Partout, miradors, hélicoptères et autres outils de régulation humaine fraient avec la nature changeante et les débordements du fleuve, à la fois contrôlé par l’homme et éminemment libre, régi par d’autres lois. À rebours des images réductrices souvent véhiculées quand il s’agit de frontières, Zoe Leonard cherche à rendre la multiplicité des forces et influences à l’œuvre (histoires culturelles, liens familiaux, intérêts commerciaux et industriels, faune et flore locale). Sans aucun portrait ou gros plan : la distance avec le sujet est essentielle dans une zone où la surveillance est déjà omniprésente.
Car les zones frontalières ne sont pas binaires, elles sont un troisième lieu où les intérêts de deux pays se mêlent et s’interconnectent. C’est particulièrement criant ici, où la rivière cristallise les enjeux et tensions d’une époque (intensification de la surveillance liée aux flux migratoires sur fond de guerre des cartels et trafic de drogue). À son insu, le fleuve n’est rien mais structure tout, témoin patient et silencieux de zones que tout oppose et relie dans un même mouvement.
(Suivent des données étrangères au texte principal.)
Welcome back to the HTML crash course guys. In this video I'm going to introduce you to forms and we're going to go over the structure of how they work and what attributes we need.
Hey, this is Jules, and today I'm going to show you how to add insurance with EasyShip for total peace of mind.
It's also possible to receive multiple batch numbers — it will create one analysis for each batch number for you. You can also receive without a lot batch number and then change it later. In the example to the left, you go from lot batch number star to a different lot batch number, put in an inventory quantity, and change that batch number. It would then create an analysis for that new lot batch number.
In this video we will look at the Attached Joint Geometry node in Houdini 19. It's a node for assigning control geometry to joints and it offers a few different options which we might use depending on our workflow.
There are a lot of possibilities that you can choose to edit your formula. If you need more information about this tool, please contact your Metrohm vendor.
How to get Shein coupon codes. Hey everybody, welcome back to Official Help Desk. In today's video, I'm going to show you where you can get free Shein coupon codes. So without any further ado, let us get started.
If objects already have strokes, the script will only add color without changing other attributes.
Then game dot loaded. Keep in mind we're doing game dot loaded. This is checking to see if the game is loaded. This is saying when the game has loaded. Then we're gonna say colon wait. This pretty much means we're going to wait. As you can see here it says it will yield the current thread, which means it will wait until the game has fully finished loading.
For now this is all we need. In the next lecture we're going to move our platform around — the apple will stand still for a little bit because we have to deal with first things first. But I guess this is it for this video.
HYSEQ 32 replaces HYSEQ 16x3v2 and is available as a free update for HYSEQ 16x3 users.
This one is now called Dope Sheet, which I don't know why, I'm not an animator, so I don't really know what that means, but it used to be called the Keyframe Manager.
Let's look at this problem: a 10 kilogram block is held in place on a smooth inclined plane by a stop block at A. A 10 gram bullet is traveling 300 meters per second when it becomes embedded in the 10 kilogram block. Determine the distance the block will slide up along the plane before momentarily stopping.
Cette masse d’eau se voit investie d’une tâche politique qui n’a rien à voir avec sa fonction première : la rivière est frontière malgré elle.
Dans certains États comme l’Équateur, l’Inde ou la Nouvelle-Zélande, la notion de « personnalité juridique » est parfois accordée à des espaces naturels dont on estime qu’ils doivent être reconnus comme des sujets de droit. En reconnaissant des droits à la Mar Menor, une lagune d’eau salée en bord de Méditerranée, le Sénat espagnol a le 21 septembre dernier étendu cette action au continent européen.
En France la justice n’a encore jamais statué, mais des collectifs d’habitants proclament régulièrement les droits de rivière en Corse, dans les Pyrénées ou en Nouvelle-Aquitaine. Ces évolutions bousculent une vision occidentale dans laquelle l’être humain domine la nature, et offrent de nouvelles pistes pour réfléchir aux interconnexions entre l’homme et le reste du vivant. Peut-être est-ce pour le Río Grande la seule façon d’échapper à ces conceptions contradictoires, qui font de lui à la fois un cours d’eau sauvage, un réservoir d’eau géré par l’homme et une frontière politique. Sera-t-il le prochain sur la liste ?
Zoe Leonard, Al río / To the River. Musée d’Art Moderne de Paris. Du 15 octobre 2022 au 29 janvier 2023.